### [THE TASK]
Images excluded, return every record exactly as it reads.

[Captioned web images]
((

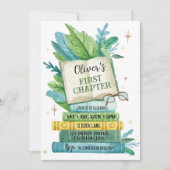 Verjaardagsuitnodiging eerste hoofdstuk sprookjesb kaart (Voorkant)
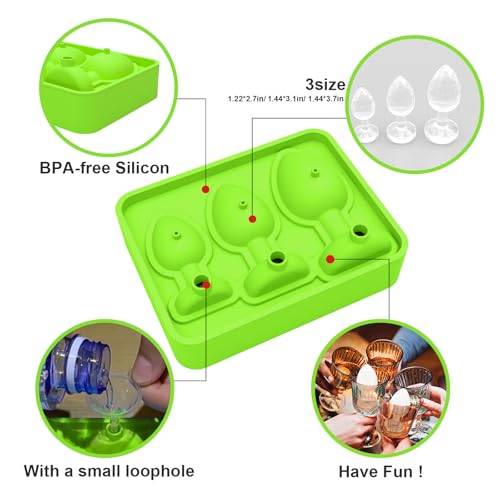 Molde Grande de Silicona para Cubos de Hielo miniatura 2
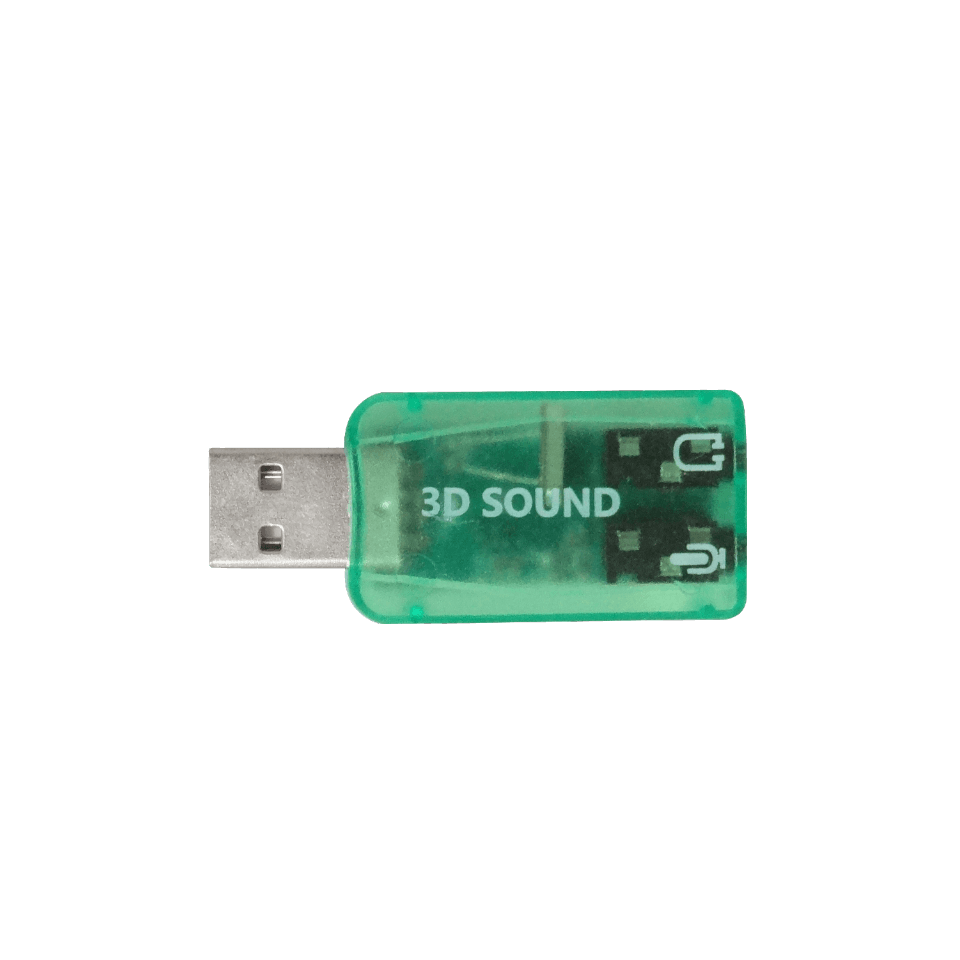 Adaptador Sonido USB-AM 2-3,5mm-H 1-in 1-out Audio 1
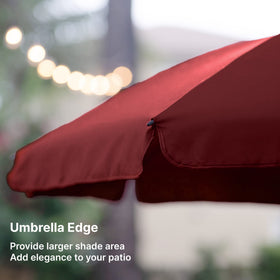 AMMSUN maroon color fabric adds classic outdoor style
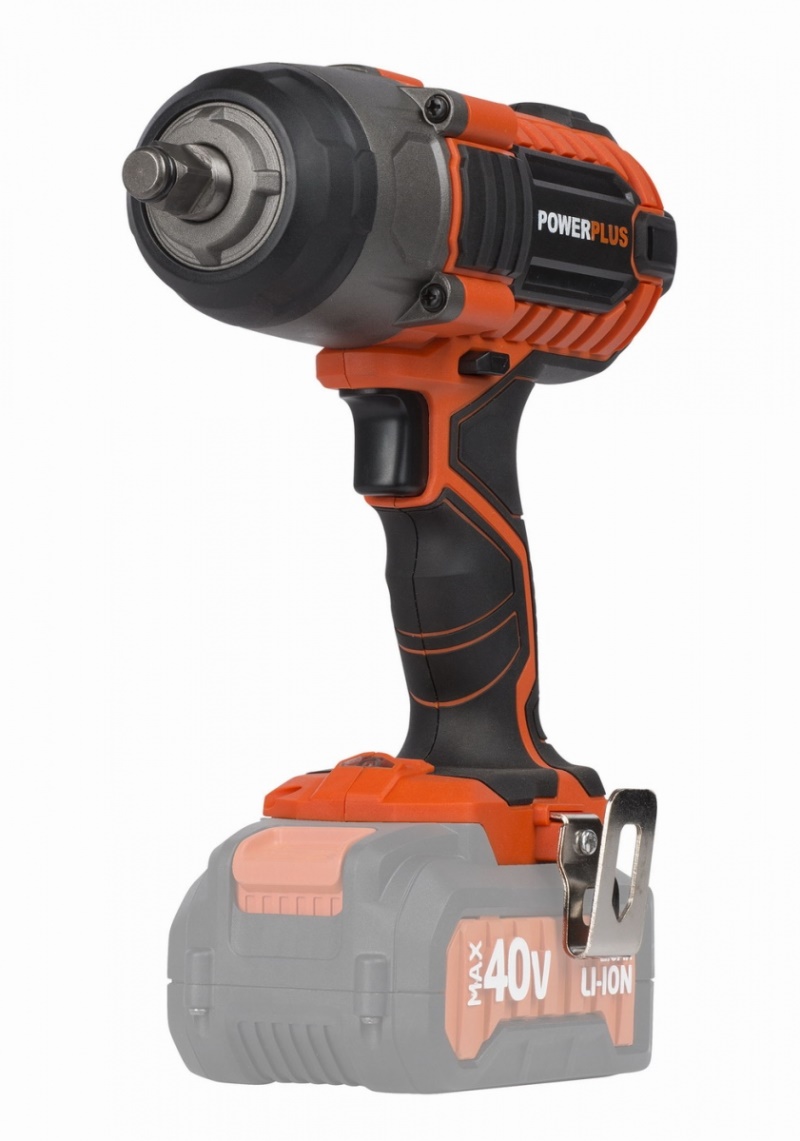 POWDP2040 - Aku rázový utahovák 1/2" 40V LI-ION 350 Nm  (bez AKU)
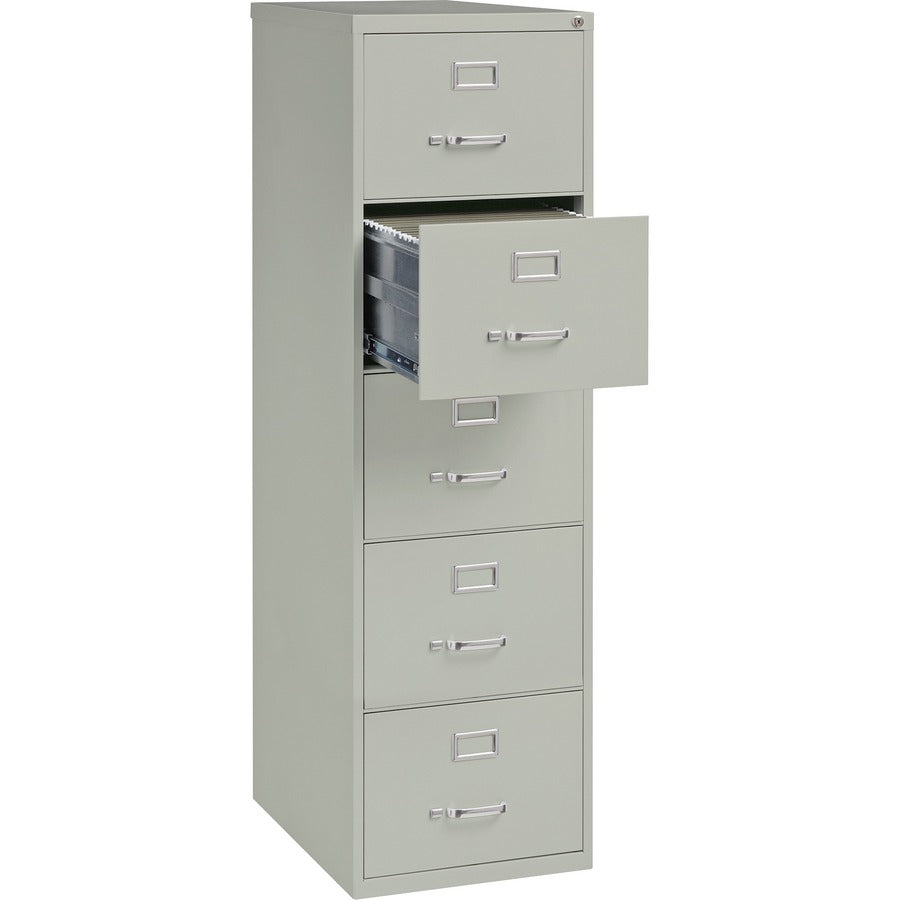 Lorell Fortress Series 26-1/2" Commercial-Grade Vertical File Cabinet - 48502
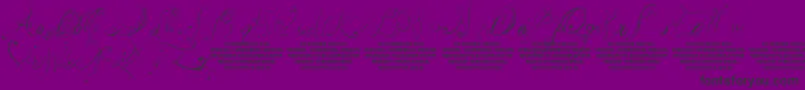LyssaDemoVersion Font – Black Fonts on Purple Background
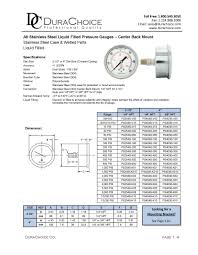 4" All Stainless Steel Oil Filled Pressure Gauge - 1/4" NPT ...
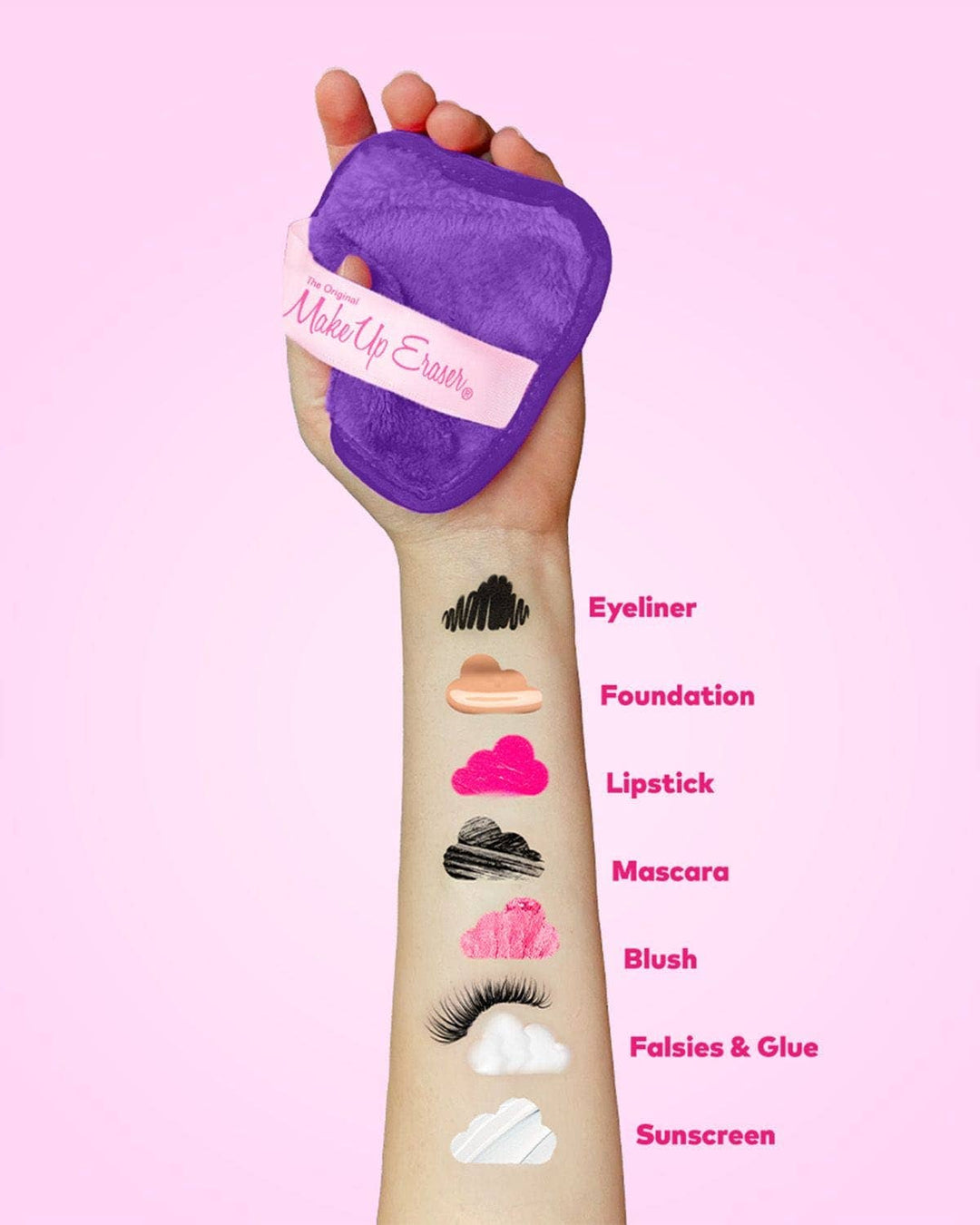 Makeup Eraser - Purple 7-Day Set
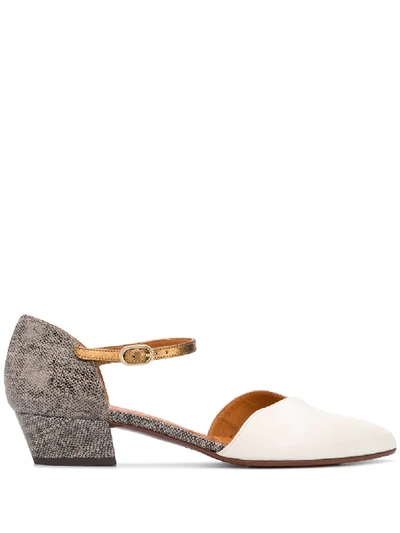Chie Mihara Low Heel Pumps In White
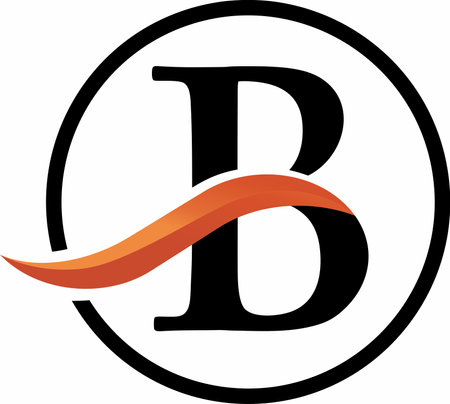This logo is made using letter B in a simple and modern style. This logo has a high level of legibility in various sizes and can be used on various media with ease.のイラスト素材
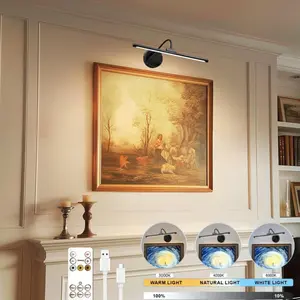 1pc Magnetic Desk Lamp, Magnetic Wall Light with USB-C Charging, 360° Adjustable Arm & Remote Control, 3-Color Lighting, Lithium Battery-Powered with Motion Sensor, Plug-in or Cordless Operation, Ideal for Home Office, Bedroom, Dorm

))

### [SOLUTION TO THIS TASK]
 Verjaardagsuitnodiging eerste hoofdstuk sprookjesb kaart (Voorkant)
 Molde Grande de Silicona para Cubos de Hielo miniatura 2
 Adaptador Sonido USB-AM 2-3,5mm-H 1-in 1-out Audio 1
 AMMSUN maroon color fabric adds classic outdoor style
 POWDP2040 - Aku rázový utahovák 1/2" 40V LI-ION 350 Nm  (bez AKU)
 Lorell Fortress Series 26-1/2" Commercial-Grade Vertical File Cabinet - 48502
LyssaDemoVersion Font – Black Fonts on Purple Background
 4" All Stainless Steel Oil Filled Pressure Gauge - 1/4" NPT ...
 Makeup Eraser - Purple 7-Day Set
Chie Mihara Low Heel Pumps In White
This logo is made using letter B in a simple and modern style. This logo has a high level of legibility in various sizes and can be used on various media with ease.のイラスト素材
 1pc Magnetic Desk Lamp, Magnetic Wall Light with USB-C Charging, 360° Adjustable Arm & Remote Control, 3-Color Lighting, Lithium Battery-Powered with Motion Sensor, Plug-in or Cordless Operation, Ideal for Home Office, Bedroom, Dorm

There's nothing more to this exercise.